Welcome aboard @frog64!

Sometimes you need to make some small short term sacrifices for a long term career.


----------



## splatz (May 23, 2015)

@frog64, I don't know if some perspective may help, but. 

Three nights a week is not that much to deprive the kids, still plenty of time on the other nights and weekends. I don't think they'll see you as an absentee father LOL. 

Time and togetherness are priceless, but there are things with a price that are important too - the money and benefits you make to provide better for your kids are also really important to the kids' well being. 

I think there's a lot of pressure on parents to be constantly present, be at every soccer game and little league practice etc. It may be a generational thing, me being older, but I think it's too much.


----------



## nrp3 (Jan 24, 2009)

Unless he or she is a single parent, if that was what was said?


----------



## frog64 (Jul 2, 2019)

No, not single a dad. Wife works too. The pay cut, no vacation or sick time. Its weighs heavy when you have a family. Just not sure what to do.


----------



## MechanicalDVR (Dec 29, 2007)

frog64 said:


> No, not single a dad. Wife works too. The pay cut, no vacation or sick time. Its weighs heavy when you have a family. Just not sure what to do.


I have 6 kids been married five times and the job had zero bad effects on either part of that.

I made enough money to keep everyone including myself happy, well you know what I mean. I just have a thing for women....


----------



## frog64 (Jul 2, 2019)

Where you going to school at the same time?


----------



## 99cents (Aug 20, 2012)

I was a stay at home dad when my kids were that age. I ran a home based business and my wife worked full time and attended night classes. It wasn’t easy. I cooked, cleaned and was the taxi service for the kids. We ended up hiring a cleaning lady but that didn’t work because my wife cleaned the house ahead of the cleaning lady (?). She was also the type who washed the dishes before putting them in the dishwasher (??).

If you’re both working full time and one is taking night classes plus you have kids, it will test your marriage. If your wife isn’t 100% supportive, forget about it.


----------



## MechanicalDVR (Dec 29, 2007)

frog64 said:


> Where you going to school at the same time?



YES!

Being the type that likes being over educated I went to night school for many years to collect a few degrees.



My wives felt I just liked being around with young coeds......


----------



## MechanicalDVR (Dec 29, 2007)

99cents said:


> I was a stay at home dad when my kids were that age. I ran a home based business and my wife worked full time and attended night classes. It wasn’t easy. I cooked, cleaned and was the taxi service for the kids. We ended up hiring a cleaning lady but that didn’t work because my wife cleaned the house ahead of the cleaning lady (?). She was also the type who washed the dishes before putting them in the dishwasher (??).
> 
> If you’re both working full time and one is taking night classes plus you have kids, it will test your marriage. * If your wife isn’t 100% supportive*, forget about it.

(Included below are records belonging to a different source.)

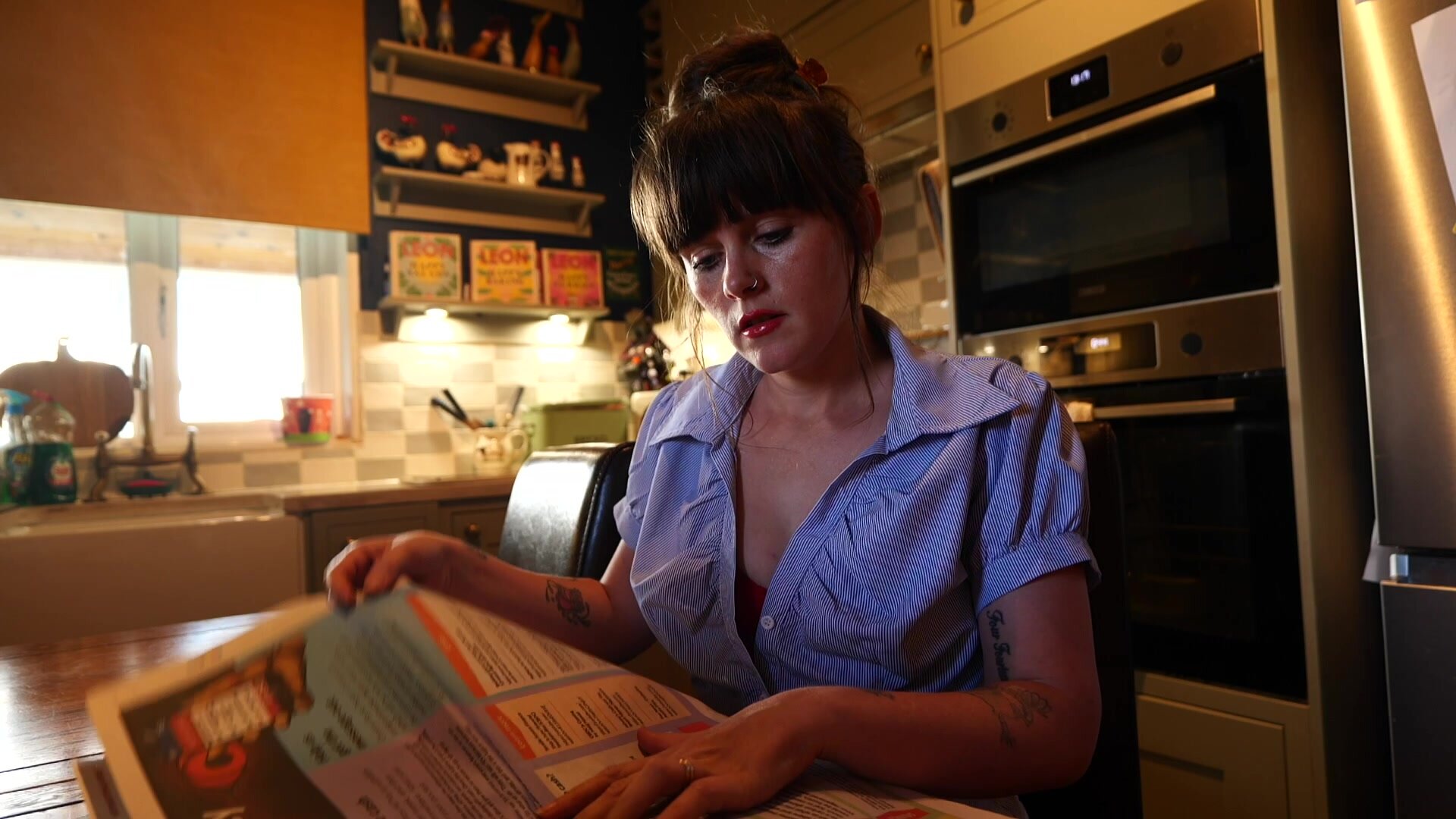 Sydney Harwin - Addict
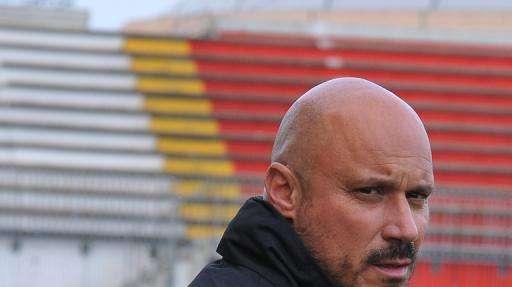 INTERVISTA TC Pro Piacenza, Pea: "Mercato di gennaio è per pochi"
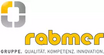 Logo von Rabmer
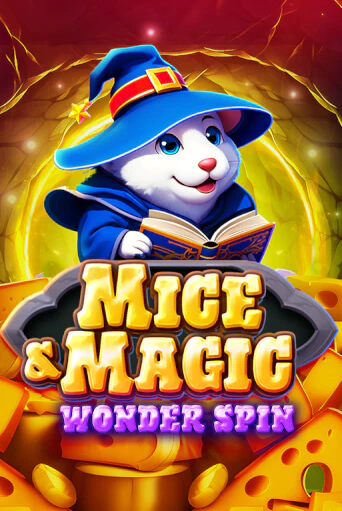 Mice & Magic Wonder Spin бесплатно онлайн | Вулкан Vegas без денег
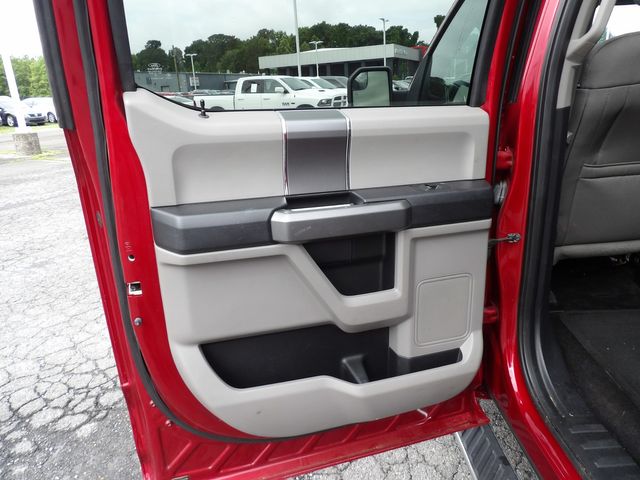 2016 Ford F-150 XLT | Dalton, GA | Paniagua Auto Mall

There aren't many of those still available......sadly!


----------



## frog64 (Jul 2, 2019)

I just dont think ill be able to survive 1st year union rate. Especially no paid holidays,and school 3 nights a week. Leaves no time for side work and family time.


----------



## HackWork (Oct 2, 2009)

frog64 said:


> I just dont think ill be able to survive 1st year union rate. Especially no paid holidays,and school 3 nights a week. Leaves no time for side work and family time.


What area? Most locals in the NE pay very well. First year rate is not great, but it goes up 10% every year. Journeyman rate along with benefits, pension, and annuity generally make up for the lesser money during apprenticeship.

Hell, in my area 1st year apprentices make more than the average non-union electrician.

Paid holidays? Do 7 days a year really matter that much?


----------



## frog64 (Jul 2, 2019)

1st year is just under $16 an hour. When your weekly paycheck is $450, that holiday pay matters. I would be cutting my current paycheck in half. This is really stressing me out.


----------



## sbrn33 (Mar 15, 2007)

A lot of depends on if you wifey is a bitch or not. If not it sure makes life easier.


----------



## HackWork (Oct 2, 2009)

frog64 said:


> 1st year is just under $16 an hour. When your weekly paycheck is $450, that holiday pay matters.


 You don't get paid because you are off. You mentioned sidework earlier, do a sidejob on those 7 days a year. Holiday pay is a non-issue and should not be a deciding factor in such a big decision.



> I would be cutting my current paycheck in half. This is really stressing me out.


 For the first year. You get a very substantial pay increase every year. 

The better jobs always requiring bigger sacrifices.


----------



## frog64 (Jul 2, 2019)

Hackwork , did you do your apprenticeship after kids? I sure wish i wouldve been hired 17 years ago when i 1st applied. You are right tho, better opportunities always require more sacrifices.


----------



## frog64 (Jul 2, 2019)

i guess im still weighing out my options,with my current employer. i have 6 weeks vacation plus sick time. Essentially work 10 months out of the year. do i give that up for a great career hmmmm


----------